Gardening expert, Susan Richards, offers some insight about why some evergreen foliage turns yellow in the fall.
Fall is an amazing time of year in our gardens! Although I always feel sad that the gardening season is ending, I revel in the sight of all the amazing fall flower and leaf colours. My autumn sedum flowers have matured to a deep rose/burgundy; the seed heads on my ornamental grasses are at their peak of colour; the maples in the back yard are cloaked in red, orange and rust; and birch leaves are bright yellow. Mother Nature is truly giving us a fall blaze of beautiful!
This is also the time of year that I get asked about yellowing foliage on evergreens. Nick sent an email with photos asking why his otherwise healthy row of cedars had foliage turning rusty brown. He was worried that they are dying. I wrote back to reassure home that this is totally normal for cedars, and they were just fine. I can look over to my neighbour’s large cedar beside her deck and observe the same thing. Every fall this evergreen sheds its inner-most foliage. It is just a natural part of the life cycle of cedars. I just remined Nick to keep watering his hedge, if the soil is dry, right up until the ground freezes. This will ensure the bushes stay healthy right up to dormancy.

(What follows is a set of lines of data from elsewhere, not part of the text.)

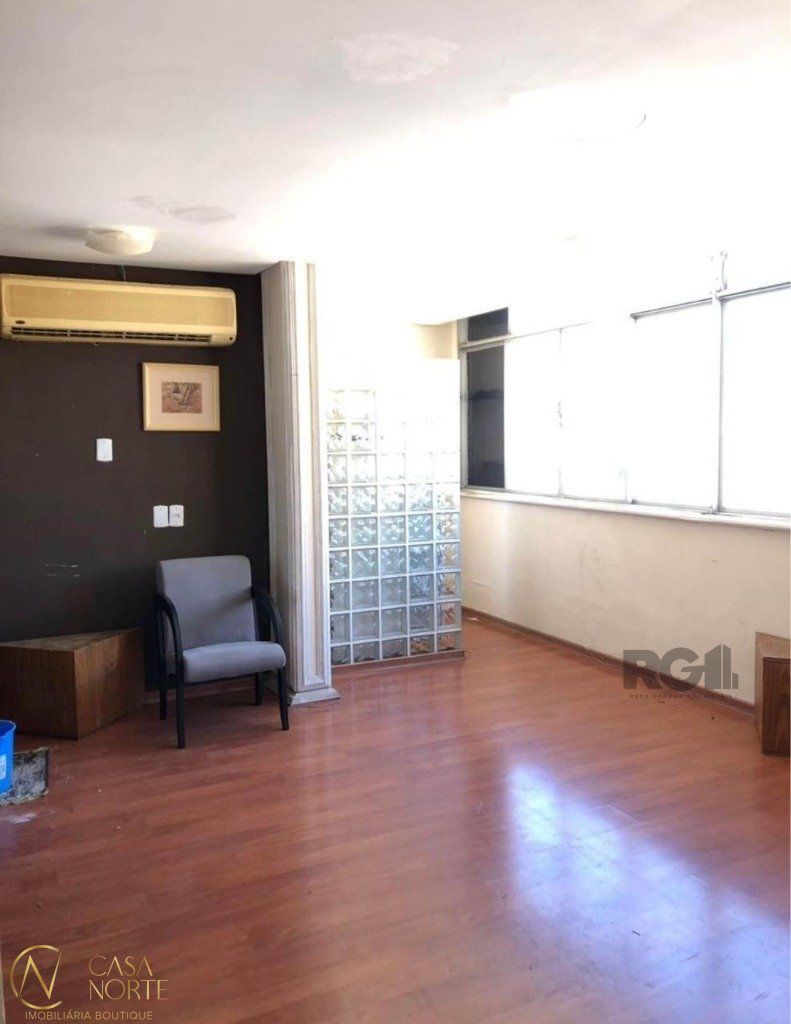 Sala Comercial à venda com 1 quarto, 86m², Rua dos Andradas no bairro Centro Histórico em Porto Alegre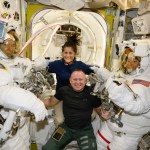 En esta foto facilitada por la NASA, los astronautas del lanzamiento de prueba de Boeing, Suni Williams y Butch Wilmore, en el centro, posan con los ingenieros de vuelo de la expedición 71, Mike Barratt, a la izquierda, y Tracy Dyson, ambos astronautas de la NASA, en sus trajes espaciales a bordo de la esclusa Quest de la Estación Espacial Internacional, el 24 de junio de 2024. (NASA vía AP)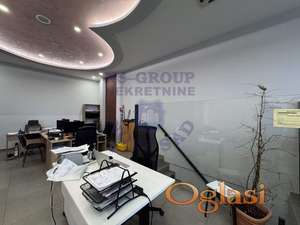 Predstavljamo vam ulični višenamenski poslovni prostor.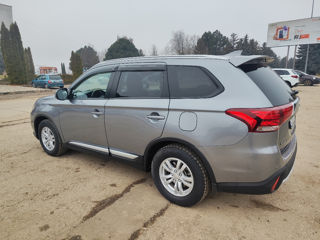 Mitsubishi Outlander foto 6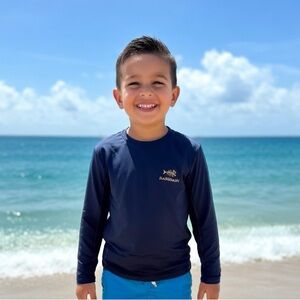 NWOT Bassdash UPF 50+ Blue Long Sleeve Fishing Shirt Boys Youth M / Big Kid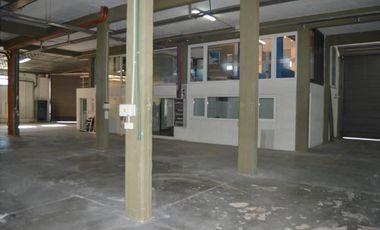 Establecimiento Industrial de 1100 m2 cub. - VENDIDO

In fall, I usually get questions about pine trees and shrubs turning yellow and dropping needles. This is another family of evergreens that sheds foliage in the fall. In fact, the two-year-old needle drop on pines can be much more dramatic than the problem Nick was noticing. Pines only keep the current year’s needles through the winter and into the next season. The ground under my white pines is always thick with shed yellow needles each fall!
If you have a lot of fallen pine needles and also grow blueberry bushes, azalea, rhododendrons or other acid-loving plants, you can collect the pine needles and use them as a mulch around those bushes. The acidity from the needles will help keep the soil at the perfect pH for those plants to grow well. Just be sure not to pile the needles up high on shrub stems. Put a very thin layer against the stems at the soil line and add a thicker layer over the roots out as far as the branches extend. Wet needles piled high against the bark can cause it to rot.
I haven’t experienced a frost yet so my annuals in pots and the front garden are still blooming away like crazy. However, I know the time is coming when I will have to pull them out and take all the debris to the compost pile. I plan to take advantage of the remaining nice weather to clean out my garden shed to prepare space to store my pots.
I have some very large, heavy terrazzo pots that stay out year-round. Those I simple clean out and leave all remaining potting soil inside. These pots have fiberglass and resin as part of there composition so handle to freeze/thaw cycle of winter and early spring just fine.
All my ceramic pots get cleaned right out and dried before being put in the shed. One year I was a bit lazy and left damp potting soil in one of my nicest pots. That was a big mistake! As the soil froze the moisture expanded and cracked the pot. Next spring when I saw the damage, I was very mad at myself!
My smaller metal and plastic pots just have plants and dense roots cleaned out of them. I can leave the soil in to be reused next season and take them to the shed. They will hold up well to the soil freezing and expanding without any damage.
Once the gardens are ready to be tidied up, I collect all my stakes and other types of plant supports. Those get cleaned and store in my shed. Most of the perennials I leave to collapse into the garden as the first snowfall arrives. They proved cover for native pollinating insects. The perennials with sturdy stems and nice seed heads provide food for winter birds.
I do clean up perennial foliage at the edge of the gardens that border the driveway. If I left that foliage, it would hinder snow removal. In your yard, do whatever cleanup is necessary for your situation but try to leave some areas for late spring cleaning instead of doing all of them in the fall.